目先の利益で「原発再稼働」を勧める者には未来が見えていない。
一部に原発一基稼働すれば貿易収支が年間800億円改善される、という論評が掲げられたようだが、そうした目先慾な論理こそが国家百年の大計を誤らせるものだ。だいたい1立方メートル4ドルの天然ガスを18ドルで購入している電力各社の原価意識の希薄さこそが問題ではないだろうか。
赤字になればすべて経産官僚と結託して電気代にオンすれば良いという考えでは世界に冠たる高電気料金は少しも改善されないだろう。原発の発電コストが安いというまやかしはバレたが、今度は天然ガス代が高くつくと目先慾な論評を加えている。
どうしても原発を動かしたい者の仲間は飛んでもない論理を思いつくものだ。燃料を安く購入するという自分たちの企業努力の欠落を棚に上げ、放射性廃棄物の最終処分場も決まっていないことも棚に上げ、使用済み核燃料が各地の原発に造られている使用済み燃料プールに満杯状態でどうしようもないことも棚に上げて、それでも原発を動かすべきだと世論を誘導する。

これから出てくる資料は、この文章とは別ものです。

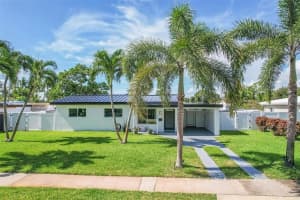 232 SW 9th Ct, Pompano Beach, FL 33060 Sold 12/15/25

御用評論家とは困った存在だ。御用学者も困ったものだし、御用マスメディアも困ったものだ。なぜ未来に目を向けて新しい発電装置を開発しようとはしないのだろうか。再エネも含めて、未来のエネルギーにふさわしいシステムを日本が世界に先駆けて開発すれば、それこそ経済成長の新しい一つのエンジンになるだろう。